What else is new in Razor v2?

In my last post I discusses some of the big new features in Razor v2. In this post I'm going to talk a bit about some of the other (admittedly smaller) new features. So, let's get right to it!

Void Elements

The HTML spec defines a certain type of element called a "Void Element" as

[An] element whose content model never allows it to have contents under any circumstance

- W3C HTML 5 Spec section 4.3

Put more simply, a void element is a type of element that can NEVER EVER have contents. It can come in three different forms:

  <!-- Self-closing -->
  <input name="foo" /><p>A different tag</p>
  <!-- Closed -->
  <input name="foo"></input><p>A different tag</p>
  <!-- Unclosed -->
  <input name="foo"><p>A different tag</p>

Any of the following is considered valid HTML5. However, in Razor v1, we only allowed the first two, because we had a much simpler parser. In Razor v2, you can now use the third form as well. This works because if a void element's start tag is not self-closed AND is not IMMEDIATELY followed by an end tag (whitespace is allowed) then it is considered closed at the ">" of the start tag. So in Razor, when we parse a void element and reach the ">", we look ahead and check if we see "</[tagname]>" (we allow whitespace between the start and end tags). If we do NOT see it, we consider the tag closed. So this means that if you typed the following inside a code block (i.e. @if() {})

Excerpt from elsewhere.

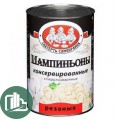 Скатерть-Самобранка шанпиньоны резанные стерил. 425мл 1/12 ж/б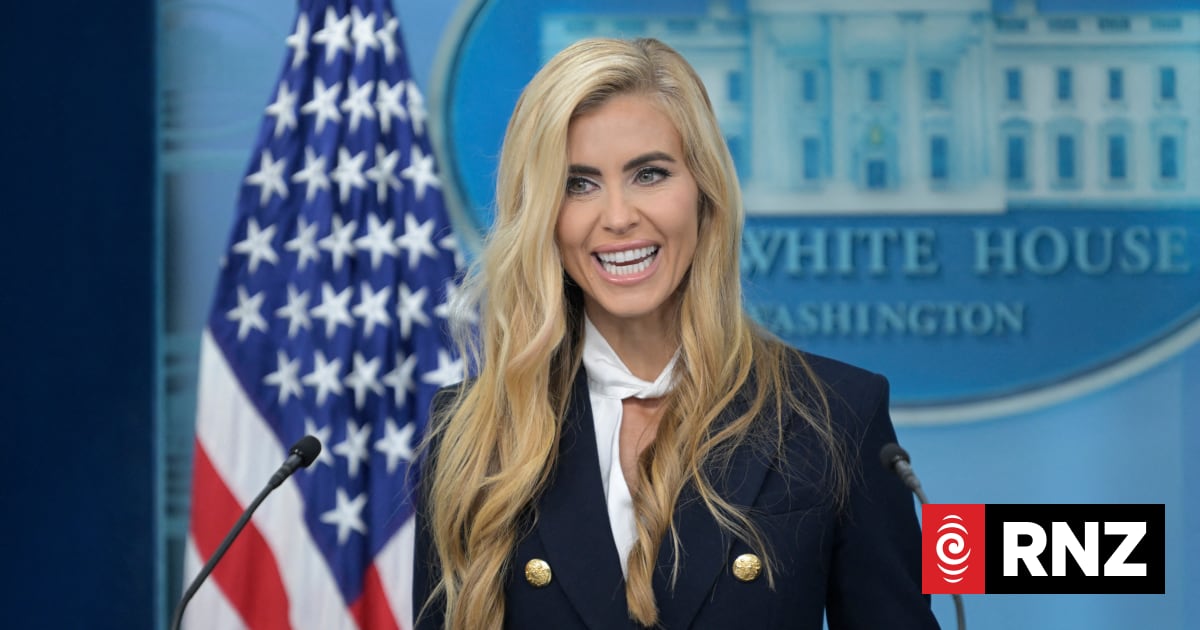 President Trump Fires Press Secretary Katie Zacharia After Five Days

<p><input name="foo">Some content</input></p>

Razor would end the markup block at the "</input>" tag. Why? Because the input element was closed by the ">" of it's start tag, so the "</input>" tag is considered an extraneous end tag. Since it has no matching start tag (remember the "<input>" is already closed), we think that it belongs to a start tag Razor can't see (because it's outside of the code block this markup is within or even in a different document) and we end the block there.

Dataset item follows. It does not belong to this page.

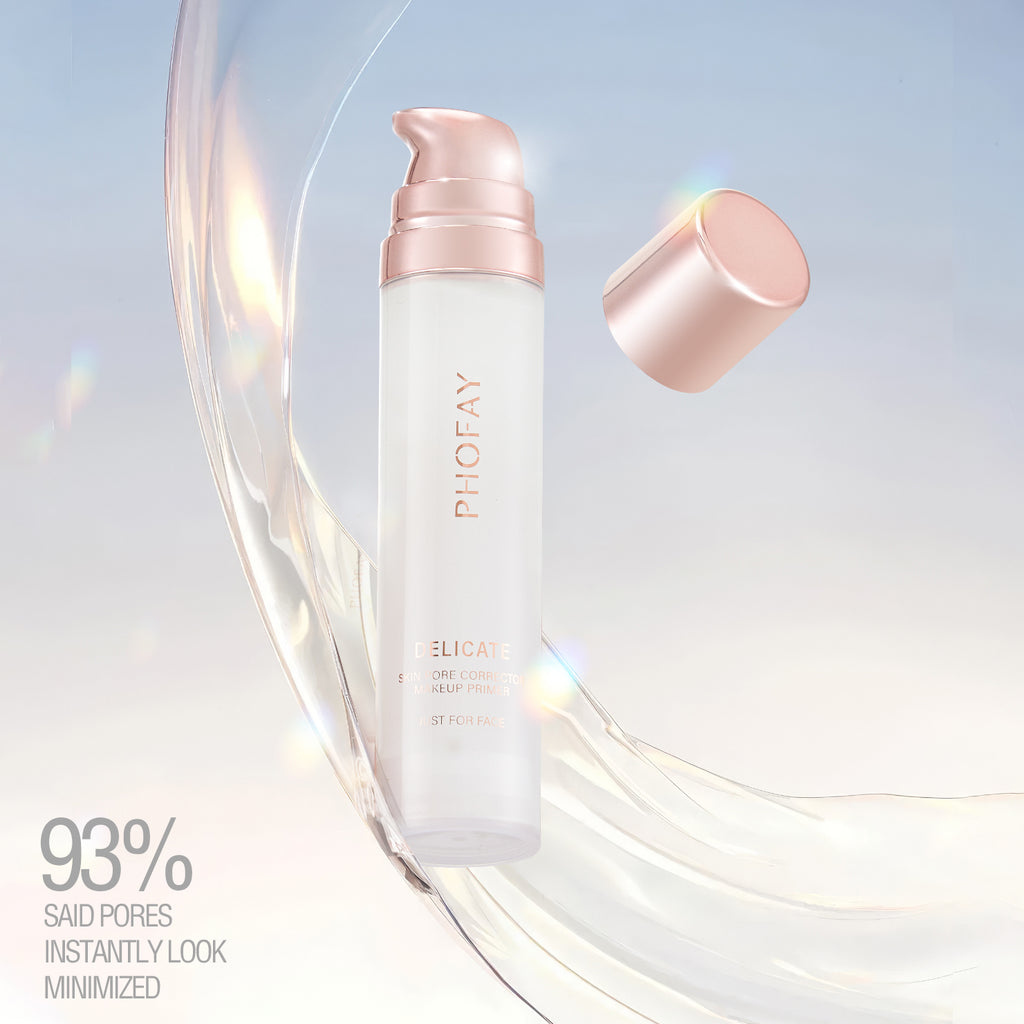 PHOFAY Hydrating Makeup Primer — All-Day Hold with Glassy, Dewy Finish — Prime Trend Market
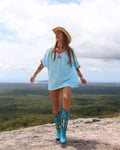 Organic CORE Jersey - Kingfisher *30% OFF at checkout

For the most part, this shouldn't affect you adversely, since syntax like the sample above is invalid HTML, but please let me know if you end up in an edge case where this is occurring in legal HTML.

Finally, what are the elements HTML5 considers void? The spec lists them off for us and Razor uses this exact same list:

area base br col command embed hr img input keygen link meta param source track wbr

- W3C HTML 5 Spec section 4.3

Syntax Tree and Internals Overhaul

NOTE: This part is going to dive in to parser internals a bit. Feel free to skim ;)

The last thing I'm going to talk about is a behind-the-scenes change that's mostly relevant to people hosting the Razor parser. In order to support these exciting new features, we had to overhaul our parser internals and syntax tree structure. Razor now uses full HTML, C# and VB tokenizers and the parse tree gives you access to that granularity. For example, given the code:

@foo.bar.baz

In Razor v1, this would be two Spans (a type of parse tree node), one for "@" and one for "foo.bar.baz". Each span would contain the string pulled from the input file. However, in Razor v2, we produce the same two spans, but now each span is a collection of Symbols. In this case, the first Span contains one symbol "@" and the second Span contains 5 symbols ("foo", ".", "bar", ".", "baz"). This allows us to perform more advanced analysis of the input document without have to reparse strings over and over.

We also reworked our higher-level Syntax Tree nodes, Span and Block. In Razor v1, we broke the file into chunks called spans and used sub-classes of the Span class to mark their type (for example: MarkupSpan, CodeSpan, HelperHeaderSpan, TransitionSpan). In v2, we removed all of those sub-classes, moving to an "Annotations" model. Going back to our previous example, in Razor v1 we would have produced a TransitionSpan and a ImplicitExpressionSpan (a kind of CodeSpan). In v2, both are concrete instances of Span, however they have various properties which attach annotations to control how they behave. For example, each Span has a CodeGenerator annotation which indicates how we generate C#/VB code from the node. They also have an EditHandler annotation which indicates how the editor should behave around this Span. By doing this, we (and even you if you want!) can add new syntax without having to dramatically overhaul all the various pieces of our infrastructure.

In future posts, I'm going to use some of this information to show you how to create a new kind of directive that works at runtime AND design-time (i.e. in the Editor).

Conclusion

Well, that's basically it for Razor v2. It's not a super-long list but believe me it was a lot of work. In many ways, Razor v1 was our "hey, check out this cool language!" release. Razor v2 has primarily been about internal clean-up and future-proofing (not that one can ever be totally future-proof). We added some cool little features, but the work done to the underlying structures should make it easier for us to add even more features and extensibility points in the future.

Enjoy Razor 2, Web Pags 2 and MVC 4!